YummySoup! Quick and easy recipe management for OS X..
Recipe Management for all you mac users is now a breeze. YummySoup ($15) is a super affordable, elegantly designed, and useful piece of software. The download has a bunch of delicious looking recipes to start you off, with mouth watering photos in a strip across the top of the window, and the recipes below..all categorized in a familiar Cocoa style in the left column.
Importing recipes is as simple as dragging an Epicurious link from your browser toolbar into the photo strip of YummySoup.

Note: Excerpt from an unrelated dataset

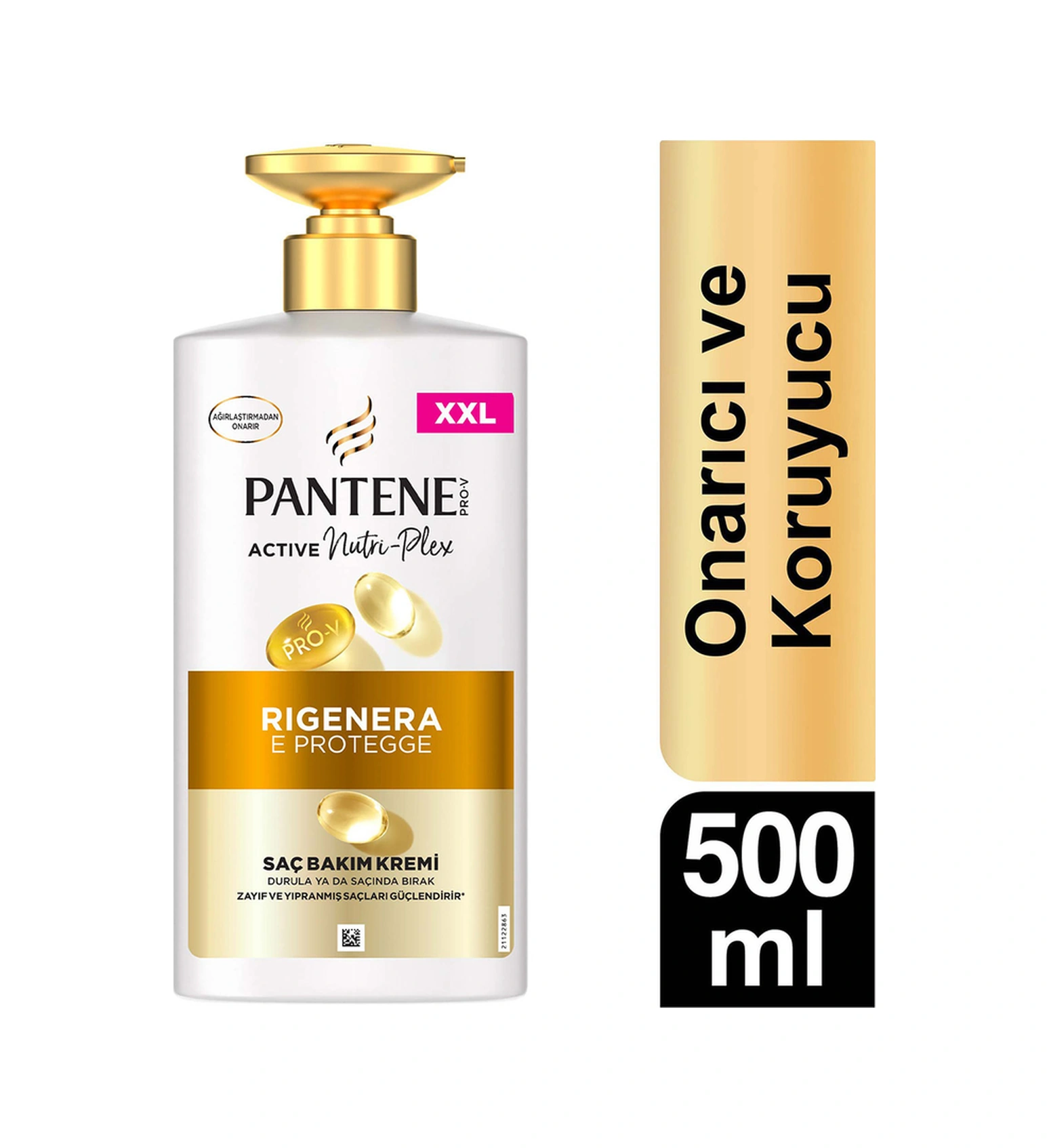 Pantene 500 Ml Saç Kremi Onarıcı Ve Koruyucu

I'll be trying it out for the next few weeks and will share any further developments!
Monday, December 8, 2008
YummySoup!
Saturday, November 1, 2008
Eggs in a Basket
My wife, Amy, loves the 'Eggs in a Basket' dish at Cracker Barrel and wanted to try to make them at home. I have not had them at Cracker Barrel before but these turned out really well. It's part fried eggs and part french toast (I bet they'd be good with some maple syrup!).
Here's how we did it:
Ingredients:
Process:
Cut 2-3 inch round holes in the center of the bread slices. Heat butter in a frying pan and put in bread slices with holes. Crack 1 egg in each bread hole. Cook for about 1 minute, then flip. Cook on second side for about 1 minute. Serve.

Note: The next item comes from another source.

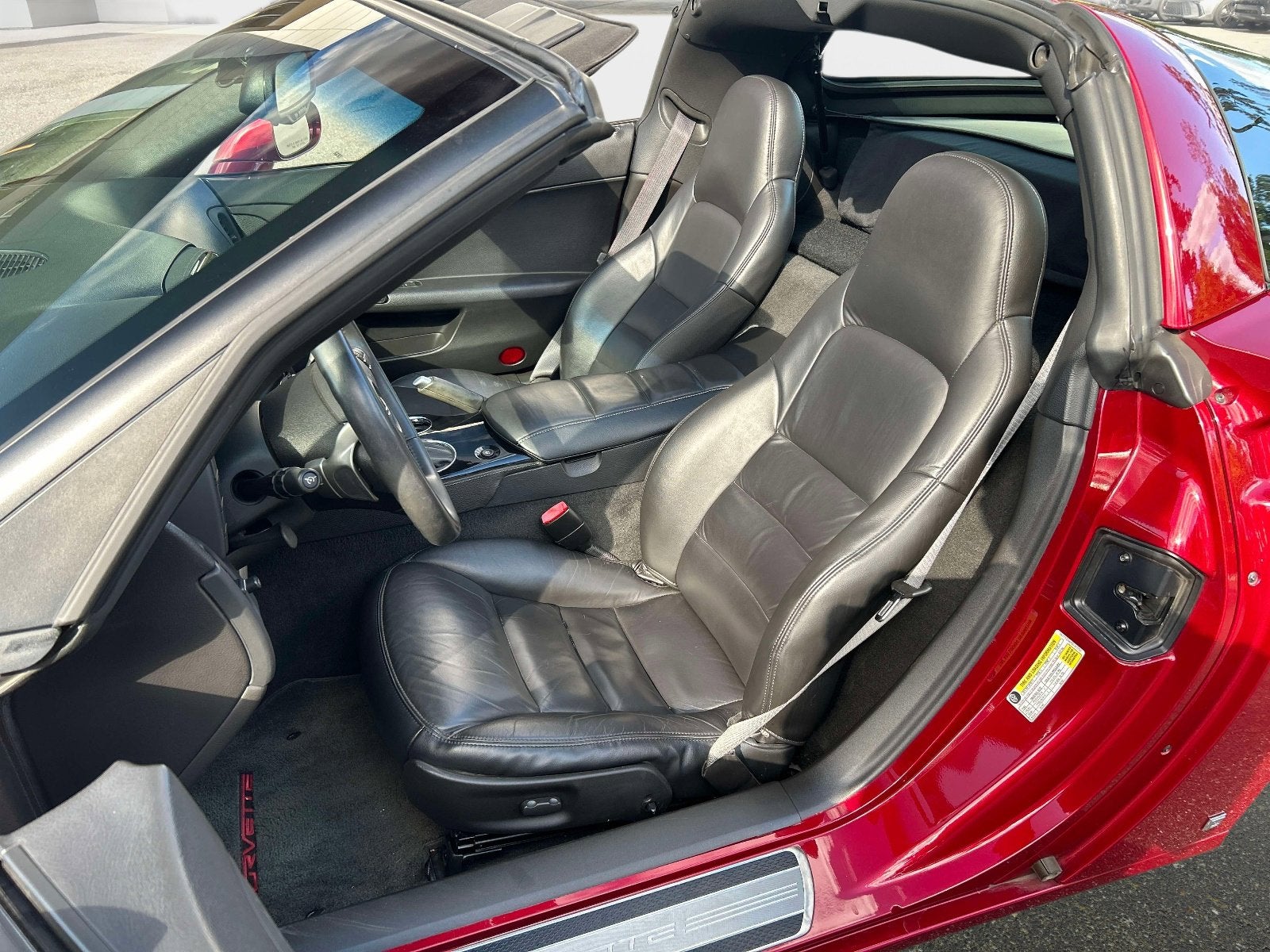 2009 Chevrolet Corvette Base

Make sure to use the round bread cut-outs to mop up the extra yolk!
Wednesday, October 29, 2008
Jalapeno and Sweet Banana Pepper Hot Sauce
This was the first hot sauce recipe I ever tried and it turned out wonderfully. It's based on the classic process used by McIlhenny's for Tabasco sauce. I first encountered it in Salt: A World History by Mark Kurlansky (fabulous book!) and have used it twice so far with great results.

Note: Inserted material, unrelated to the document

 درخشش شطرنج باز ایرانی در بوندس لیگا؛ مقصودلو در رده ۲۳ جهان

This one has a pure, fresh jalapeno flavor that will remind you of the garden in summer no matter what time of year you eat it. Bruce says "You can taste the sunshine in it!" The banana peppers add just a little bit of sweetness to it to round it out.
Ingredients:
2 to 3 lbs. jalapeno peppers
1 lb sweet banana peppers
(peppers should fill a 1-gallon container)
a little less than 1/2 cup kosher salt
2 cups white vinegar
Process:
Wash peppers and remove the stems. Rough chop peppers so they will fit easily into a food processor. Run chopped peppers (seeds and all) through a food processor until coarsely ground. Add a little of the vinegar to get it going if need be (most likely). Transfer batches of ground peppers into a very large bowl or container. Once all of the peppers are ground and in the bowl, add salt and stir in well. Transfer ground peppers with salt to a 1-gallon+ container that can seal as airtight as possible and close.
Let the pepper/salt mixture sit in the airtight container for 4-6 hours. The salt will leech the pepper juices out a bit. Once there is a little liquid in with the peppers, press the solids down so that they are below the surface of the liquid. (I use a flat plastic lid from a takeout container or food storage container. You can usually cut them down to the right size with good scissors.) If there is not much liquid from just the salt and peppers you can add a bit of the vinegar to cover.
Once the pepper/salt mixture is pressed down under liquid/vinegar, close the container and let sit for 3-4 weeks. Then add the rest of the vinegar on the top and let sit another week or two.
Once the aging process is complete (your discretion), put the mixture in a blender and puree. You will probably need to do this in batches as well unless you have a very large blender. Put each batch in a large bowl. Once the pureeing is done, run the pureed mixture through a sieve to strain out whatever little bits may still be present. This also gives the sauce a nice smooth consistency.
Bottle/Jar and serve.
Methods of adding the vinegar vary so there is some leeway with how much you put in initially and how much to add later. Any way you cut it, the longer it ages, the better.
Enjoy!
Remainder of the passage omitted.